In another study, the RAND researchers made their best guesses at these variables and tried to compare the price of legal marijuana from California with cannabis exported by Mexico's murderous cartels. They found that California pot would be far cheaper even with estimated taxes included, likely taking over the entire California market unless the cartels drastically cut their prices. When it came to prices in other states, the researchers concluded that marijuana from California would "undercut" prices of illegal cannabis across the country only "if the federal government reacted to Prop 19 in a fairly passive way." In a post–Prop 19 world, in other words, the more federal regulators crack down on the flow of California marijuana across the country, the more expensive that pot would become in other states, making it less of a threat to the cartels' business.
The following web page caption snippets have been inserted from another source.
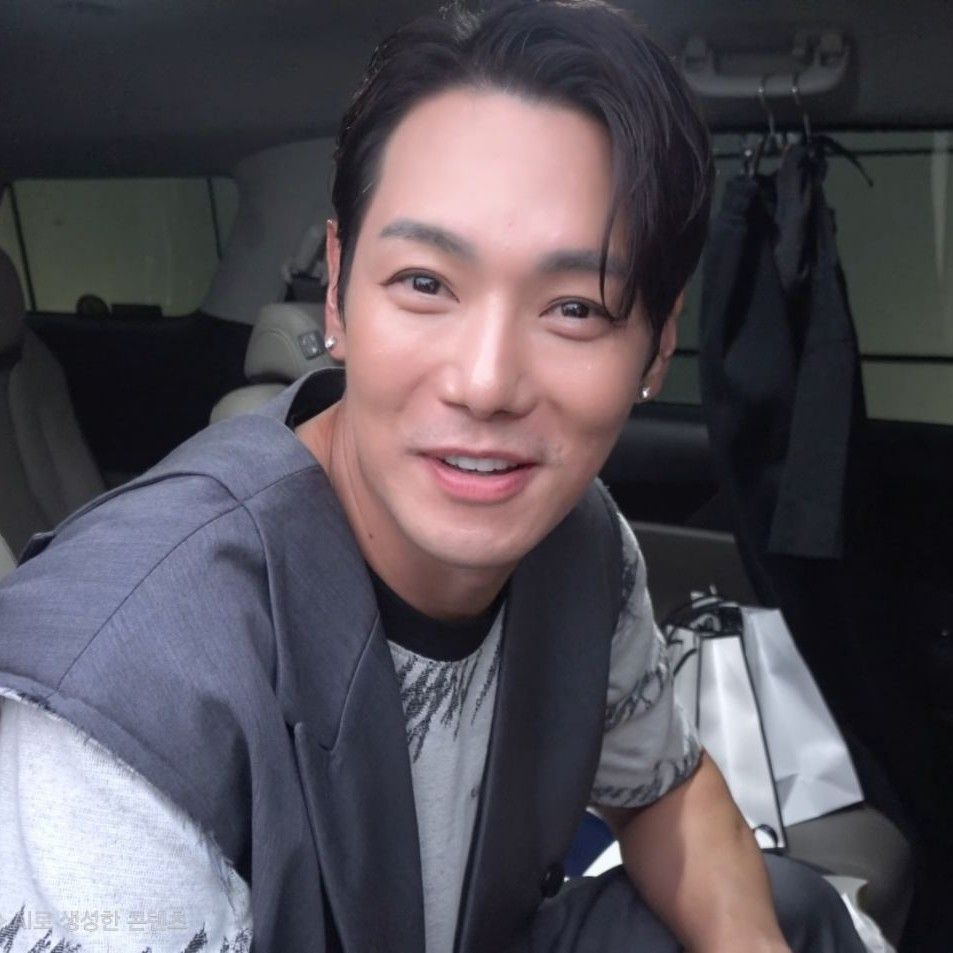 A moment captured by a fan of Hwanhee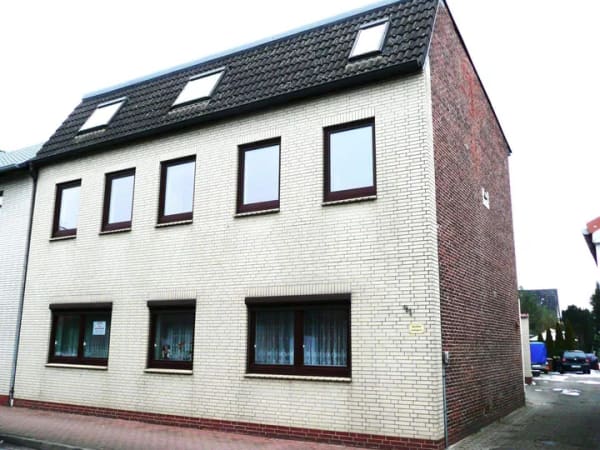 Immobilie in Barmstedt - 25355 Barmstedt  Für die Großfamilie Stadthaus :  EG , OG , DG wohnlich . viel Raum , ruhiger hinterer Garten mit Gartenhaus . - Bild 1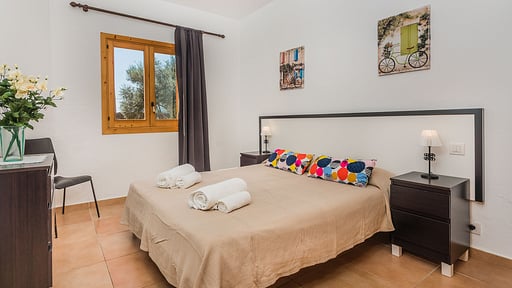 Villa Cedar Bedroom 3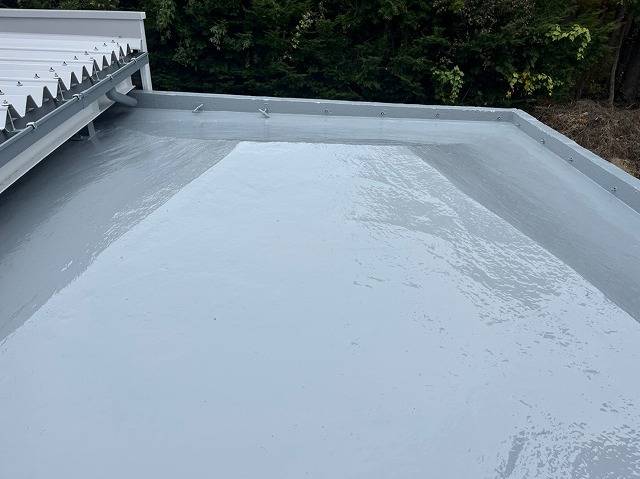 富士河口湖町で倉庫の屋上防水工事を行いました！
Prop 19 is, by many accounts, a flawed initiative. "I would rather be talking about the merits of legalization than the demerits of this cockamamie kluge of a bill," says Kleiman, the UCLA drug-policy expert, expressing his frustration with the slew of media calls he's received on the subject. "If a law is properly drafted, you know when it's valid and you know what will happen if it passes. It seems to me neither is the case."

Indeed, no one knows for sure whether California weed would replace Mexican dope, or if the feds would sue California, or how often DEA agents would be busting down doors in Oakland pot shops. But if voters approve Prop 19, the attorney general will have to figure out the answers to those questions, and quickly.

Editor's note: An early version of this story said that Californians needed state-issued ID cards to buy medical marijuana. The ID cards are county-issued, and are not mandatory. It also stated incorrectly that the Obama administration had altogether ceased raids on medical marijuana dispensaries.